The greatest threat to the future of the world’s food supply is climate change, according to a draft report by the UN-appointed group, the Intergovernmental Panel on Climate Change.

The warning, which was found in a leaked draft document on Friday, states that the effects of climate change are likely to intensify as greenhouse gas emissions continue to rise, The SMH reports.

Although the draft document is still in its preliminary stages, the report explains that as water levels rise due to land ice melting, coastal communities will be at risk of flooding, placing plants and animals at great risk – with many predicted to become extinct.

In order to protect a significant part of the world’s biodiversity, the report suggests that aggressive human management of natural systems may be required.

The report found that rising temperatures could potentially benefit northern countries which traditionally have marginal food production capacities, but overall, the impacts of climate change has the potential to reduce agricultural output by up to 2 percent per decade, while food demand concurrently rises by 14 percent a decade.
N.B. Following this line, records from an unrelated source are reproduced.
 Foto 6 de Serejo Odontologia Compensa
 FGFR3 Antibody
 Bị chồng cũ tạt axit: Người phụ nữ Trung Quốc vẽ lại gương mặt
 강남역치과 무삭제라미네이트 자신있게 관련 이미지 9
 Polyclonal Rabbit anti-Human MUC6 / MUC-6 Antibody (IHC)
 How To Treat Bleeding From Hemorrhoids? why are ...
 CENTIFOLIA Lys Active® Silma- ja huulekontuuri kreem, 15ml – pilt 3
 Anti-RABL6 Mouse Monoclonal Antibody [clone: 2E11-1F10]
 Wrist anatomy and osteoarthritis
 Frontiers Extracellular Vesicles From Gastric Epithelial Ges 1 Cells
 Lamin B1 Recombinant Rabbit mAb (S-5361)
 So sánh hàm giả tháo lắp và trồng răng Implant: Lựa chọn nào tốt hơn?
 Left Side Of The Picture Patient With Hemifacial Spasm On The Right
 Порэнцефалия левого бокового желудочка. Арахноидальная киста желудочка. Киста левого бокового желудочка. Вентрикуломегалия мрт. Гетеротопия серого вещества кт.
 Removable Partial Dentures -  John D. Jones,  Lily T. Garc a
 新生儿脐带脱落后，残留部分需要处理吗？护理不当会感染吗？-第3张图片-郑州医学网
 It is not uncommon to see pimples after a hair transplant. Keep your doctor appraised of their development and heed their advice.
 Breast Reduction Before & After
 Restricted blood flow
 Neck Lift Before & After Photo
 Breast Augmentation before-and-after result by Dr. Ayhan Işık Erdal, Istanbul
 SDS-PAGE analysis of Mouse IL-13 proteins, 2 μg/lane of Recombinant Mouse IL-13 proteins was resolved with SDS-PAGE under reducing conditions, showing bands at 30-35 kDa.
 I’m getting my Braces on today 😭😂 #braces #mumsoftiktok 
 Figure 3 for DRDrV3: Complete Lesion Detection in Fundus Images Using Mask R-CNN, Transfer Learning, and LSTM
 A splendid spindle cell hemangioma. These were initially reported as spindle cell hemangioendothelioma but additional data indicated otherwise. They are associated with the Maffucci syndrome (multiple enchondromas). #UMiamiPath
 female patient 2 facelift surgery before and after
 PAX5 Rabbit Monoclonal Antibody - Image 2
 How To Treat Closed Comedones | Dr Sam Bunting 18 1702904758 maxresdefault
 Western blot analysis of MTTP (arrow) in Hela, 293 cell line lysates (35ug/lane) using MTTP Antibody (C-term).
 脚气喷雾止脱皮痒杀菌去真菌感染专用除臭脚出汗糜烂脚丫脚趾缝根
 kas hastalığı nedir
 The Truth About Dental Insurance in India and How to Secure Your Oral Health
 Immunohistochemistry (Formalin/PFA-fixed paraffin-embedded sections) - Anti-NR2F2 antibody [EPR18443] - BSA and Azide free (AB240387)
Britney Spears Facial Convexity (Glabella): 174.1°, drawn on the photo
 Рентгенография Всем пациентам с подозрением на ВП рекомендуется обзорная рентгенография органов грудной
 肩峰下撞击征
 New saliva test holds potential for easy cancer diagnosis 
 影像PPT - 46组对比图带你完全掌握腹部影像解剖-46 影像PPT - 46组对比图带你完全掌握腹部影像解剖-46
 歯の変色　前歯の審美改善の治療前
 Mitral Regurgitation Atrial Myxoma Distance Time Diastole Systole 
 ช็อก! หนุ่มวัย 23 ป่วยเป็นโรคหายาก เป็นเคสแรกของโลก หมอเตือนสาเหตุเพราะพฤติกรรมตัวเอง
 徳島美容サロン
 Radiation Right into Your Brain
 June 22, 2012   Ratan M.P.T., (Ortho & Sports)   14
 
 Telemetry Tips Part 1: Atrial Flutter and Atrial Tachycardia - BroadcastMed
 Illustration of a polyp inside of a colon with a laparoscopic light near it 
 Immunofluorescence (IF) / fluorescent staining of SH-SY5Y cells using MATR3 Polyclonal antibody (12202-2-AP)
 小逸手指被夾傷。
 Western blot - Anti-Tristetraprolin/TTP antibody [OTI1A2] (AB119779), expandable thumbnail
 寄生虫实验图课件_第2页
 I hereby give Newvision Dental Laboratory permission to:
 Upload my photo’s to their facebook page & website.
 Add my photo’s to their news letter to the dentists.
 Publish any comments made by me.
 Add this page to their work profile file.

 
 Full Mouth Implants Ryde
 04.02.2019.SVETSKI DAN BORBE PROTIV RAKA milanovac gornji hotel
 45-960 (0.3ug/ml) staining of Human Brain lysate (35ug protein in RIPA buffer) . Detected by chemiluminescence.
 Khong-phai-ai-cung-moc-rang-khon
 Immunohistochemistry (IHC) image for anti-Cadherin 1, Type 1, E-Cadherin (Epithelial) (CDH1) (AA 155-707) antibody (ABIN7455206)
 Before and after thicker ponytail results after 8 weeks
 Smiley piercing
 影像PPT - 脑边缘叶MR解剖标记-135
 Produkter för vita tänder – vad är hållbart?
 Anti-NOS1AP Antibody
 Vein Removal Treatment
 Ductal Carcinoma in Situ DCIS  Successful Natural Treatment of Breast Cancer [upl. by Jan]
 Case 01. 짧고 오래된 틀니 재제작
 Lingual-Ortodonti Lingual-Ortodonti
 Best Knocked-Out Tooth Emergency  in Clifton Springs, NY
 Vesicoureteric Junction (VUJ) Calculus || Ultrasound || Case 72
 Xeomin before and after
The shortage of food is believed to impact of the world’ poorest the most as food prices rise and supply become scarce.

Agricultural risks “are greatest for tropical countries, given projected impacts that exceed adaptive capacity and higher poverty rates compared with temperate regions”, the draft report states.

A spokesperson for the Intergovernmental Panel, Jonthan Lynn told the SMH that the report was still a “work in progress.”

''We don't have anything to say about the contents. It's likely to change,” he said.